What you will do> Repeat the listing below in full and exactly, but without its pictures.

Segment Start: Data section

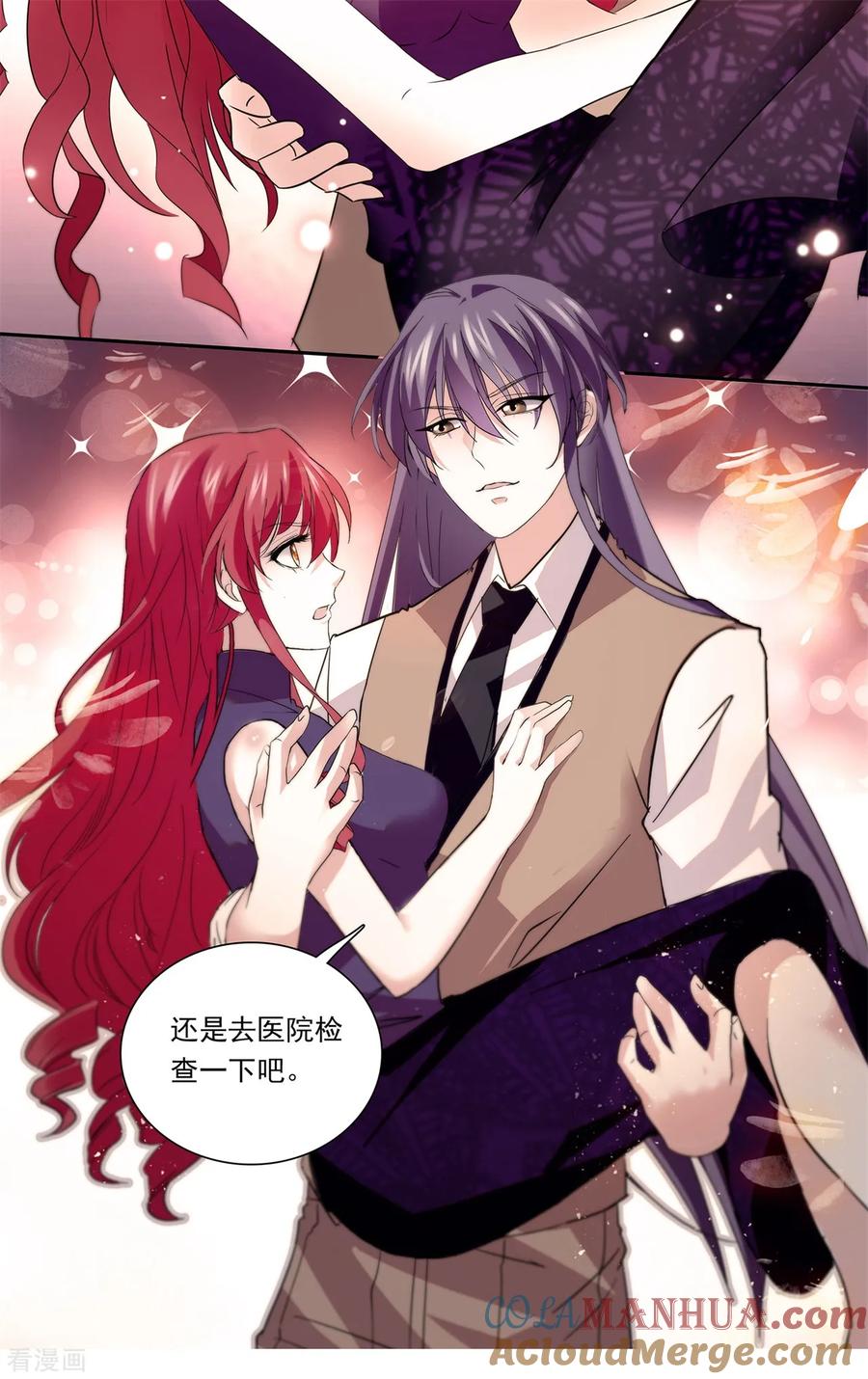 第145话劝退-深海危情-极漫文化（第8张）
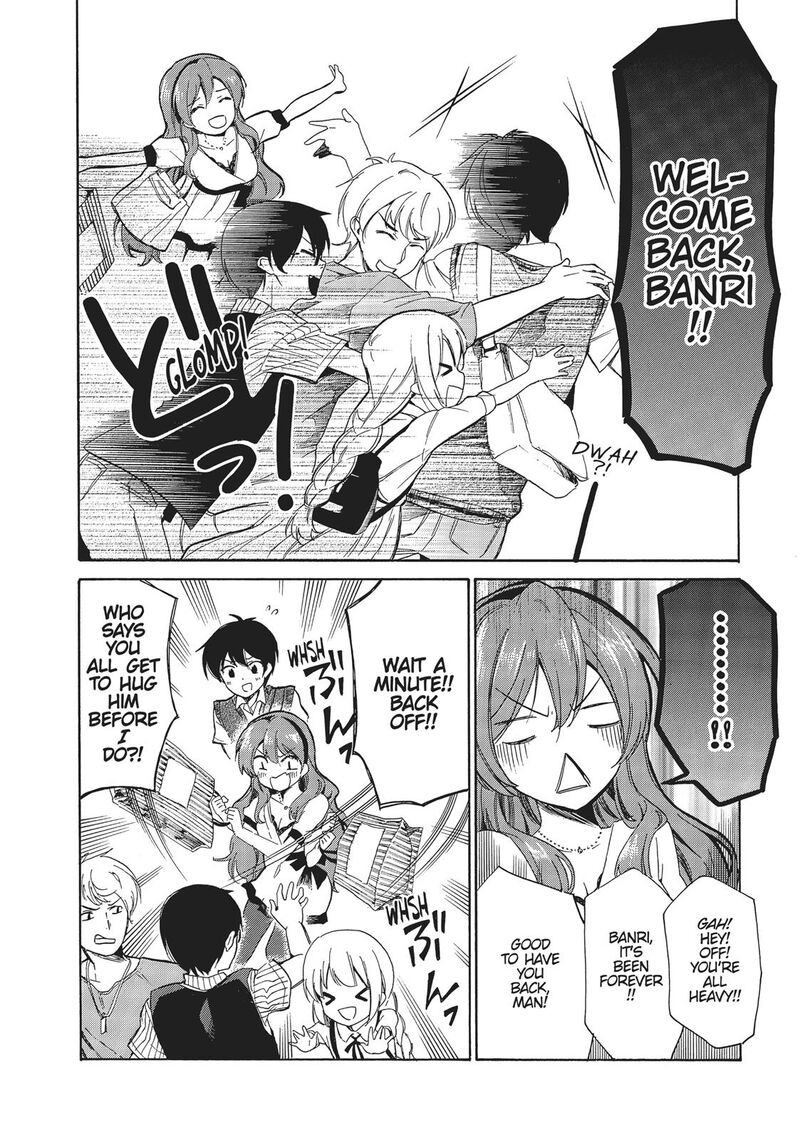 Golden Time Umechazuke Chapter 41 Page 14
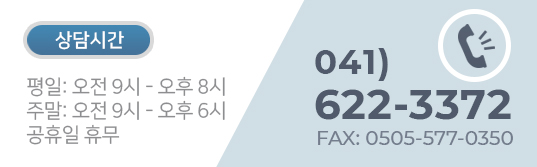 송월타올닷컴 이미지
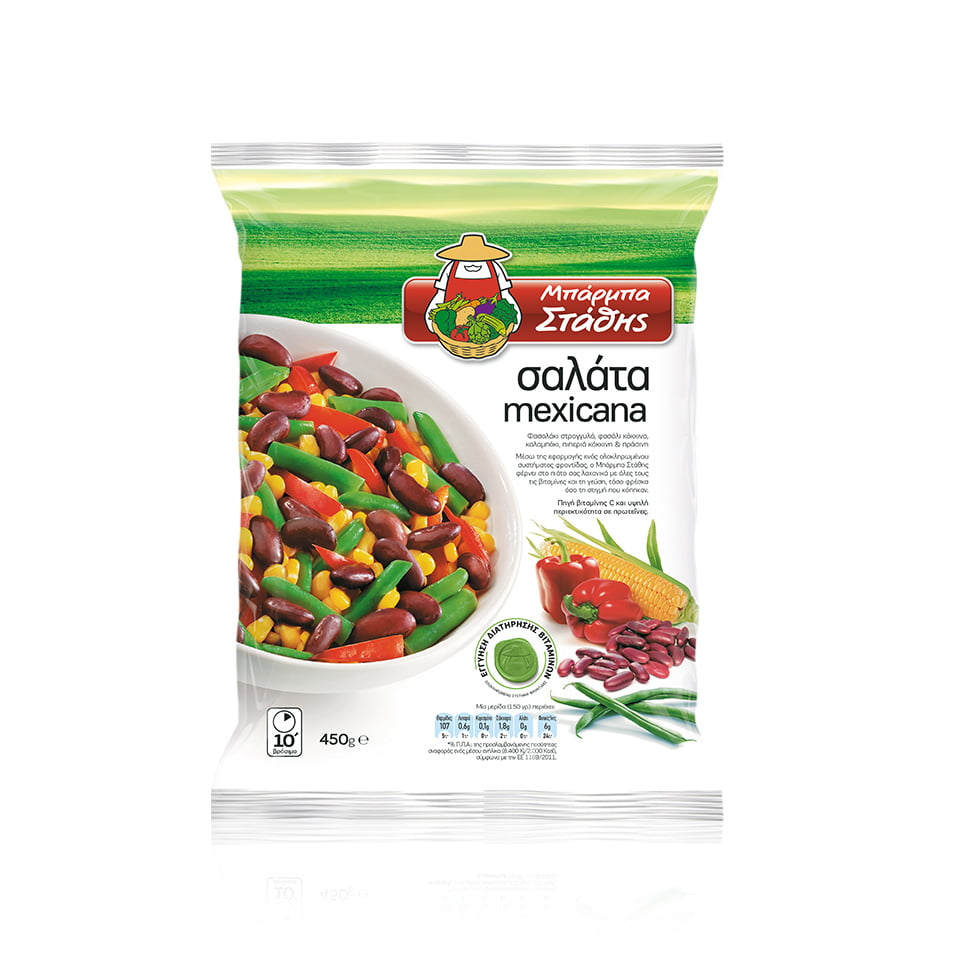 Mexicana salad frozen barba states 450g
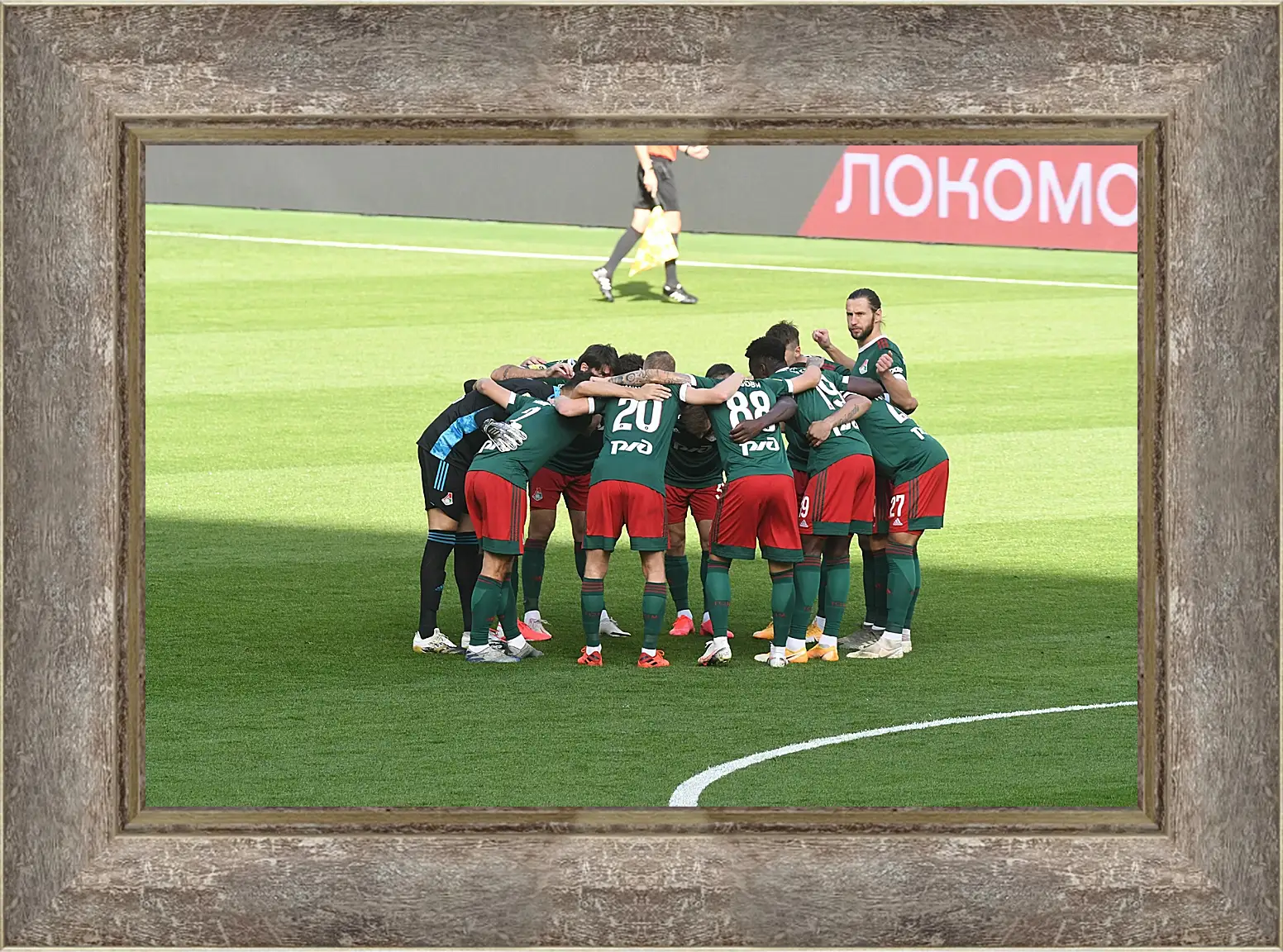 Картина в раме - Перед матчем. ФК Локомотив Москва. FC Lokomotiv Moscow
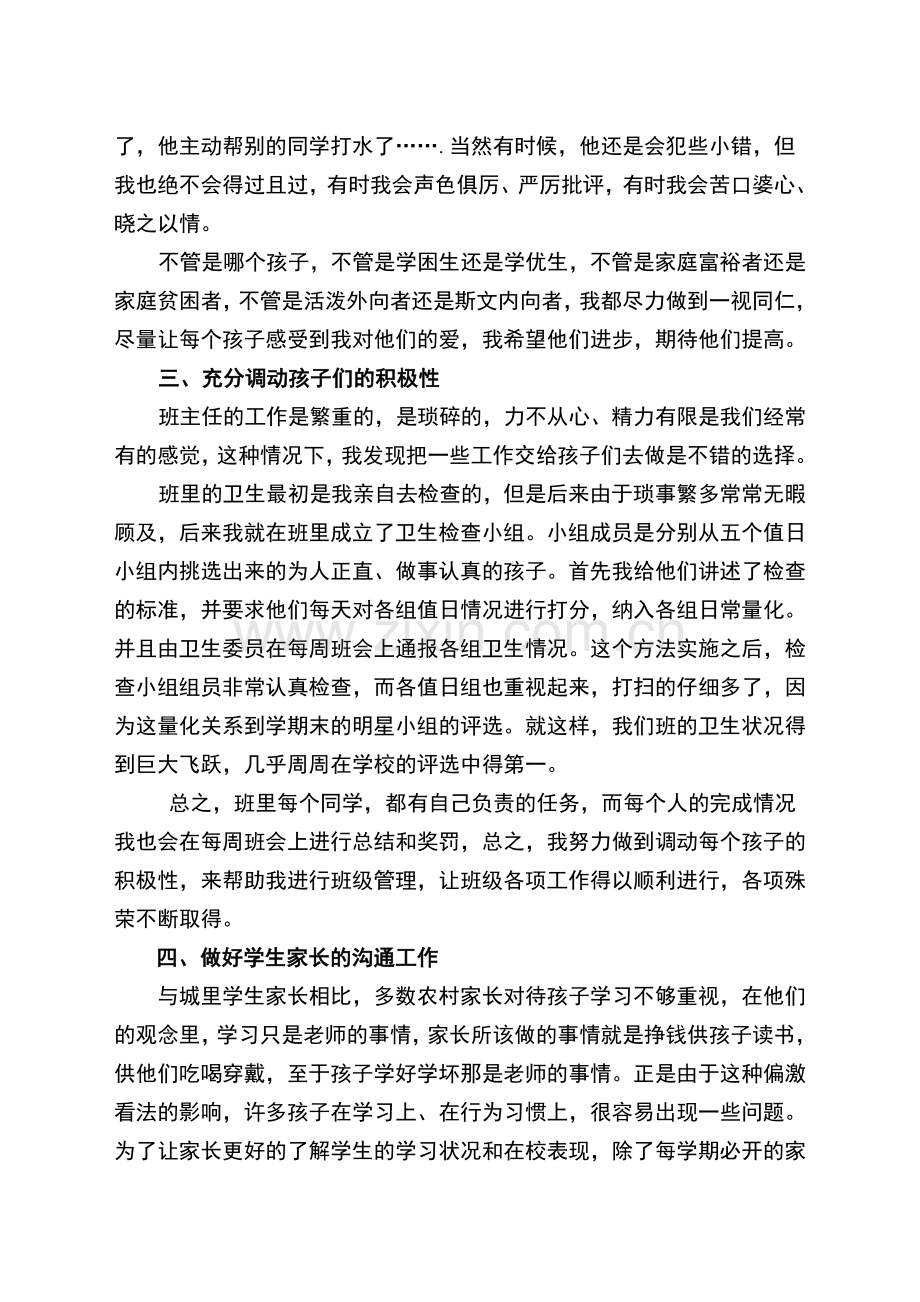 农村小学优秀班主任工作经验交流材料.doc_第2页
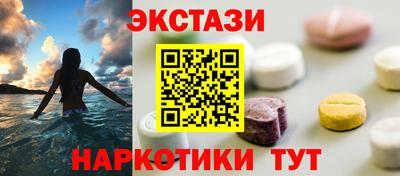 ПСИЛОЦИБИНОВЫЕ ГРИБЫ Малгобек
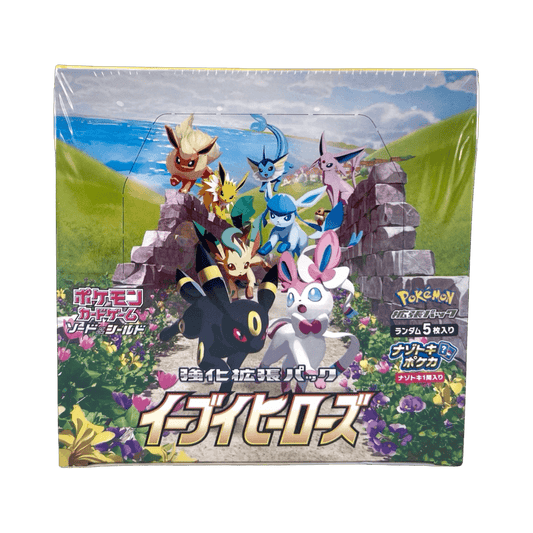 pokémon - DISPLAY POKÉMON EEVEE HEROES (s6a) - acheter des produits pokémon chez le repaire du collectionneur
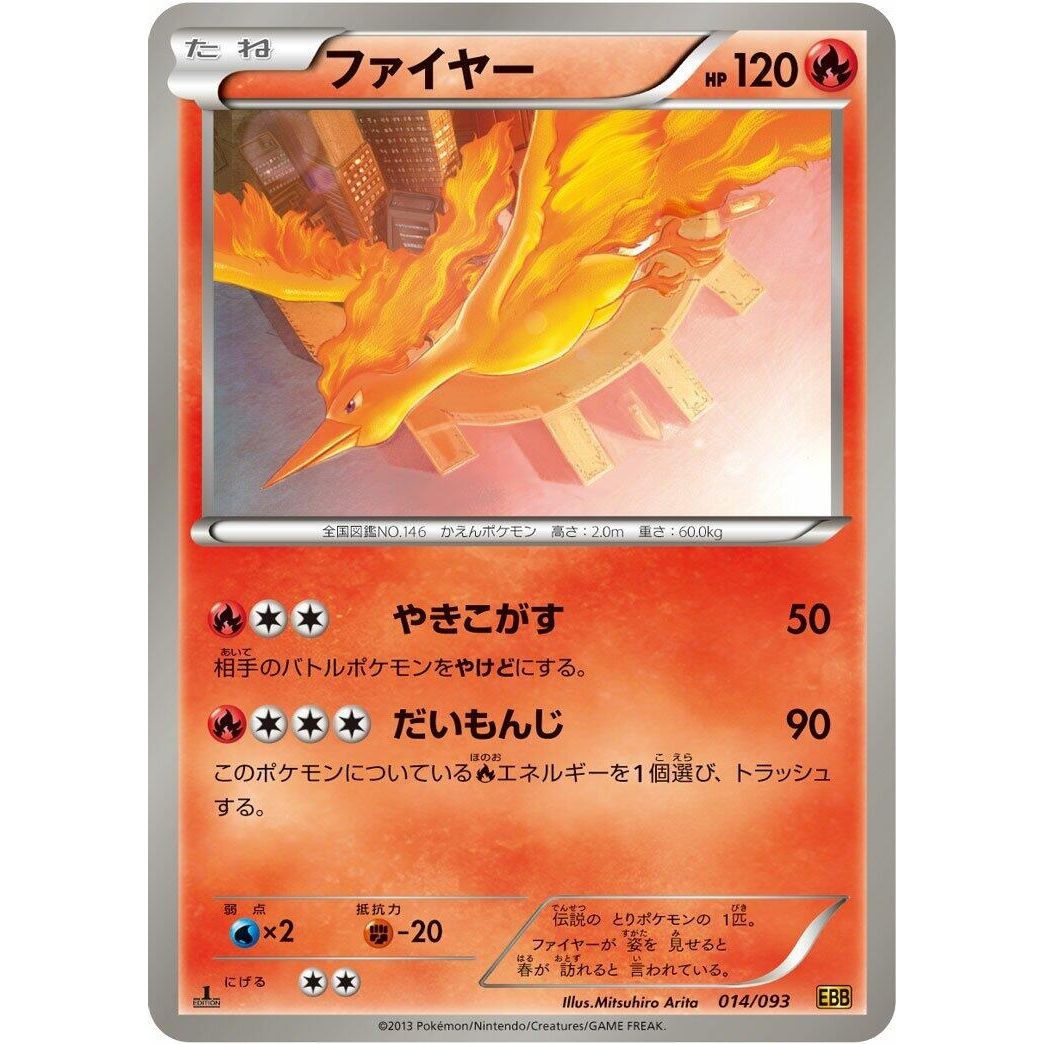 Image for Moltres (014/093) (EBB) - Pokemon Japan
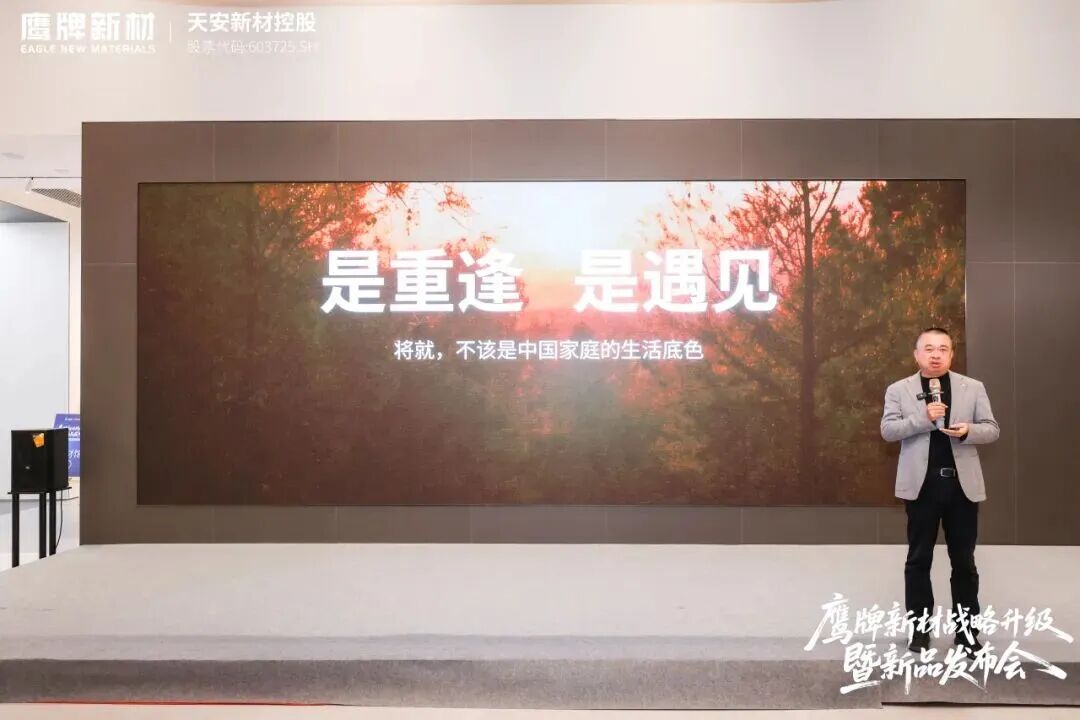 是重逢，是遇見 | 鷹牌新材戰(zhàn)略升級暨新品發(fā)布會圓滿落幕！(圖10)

Segment End: Data section

Solution>
 第145话劝退-深海危情-极漫文化（第8张）
 Golden Time Umechazuke Chapter 41 Page 14
 송월타올닷컴 이미지
 Mexicana salad frozen barba states 450g
 Картина в раме - Перед матчем. ФК Локомотив Москва. FC Lokomotiv Moscow
 农村小学优秀班主任工作经验交流材料.doc_第2页
 ПСИЛОЦИБИНОВЫЕ ГРИБЫ Малгобек
 pokémon - DISPLAY POKÉMON EEVEE HEROES (s6a) - acheter des produits pokémon chez le repaire du collectionneur
 Image for Moltres (014/093) (EBB) - Pokemon Japan
 是重逢，是遇見 | 鷹牌新材戰(zhàn)略升級暨新品發(fā)布會圓滿落幕！(圖10)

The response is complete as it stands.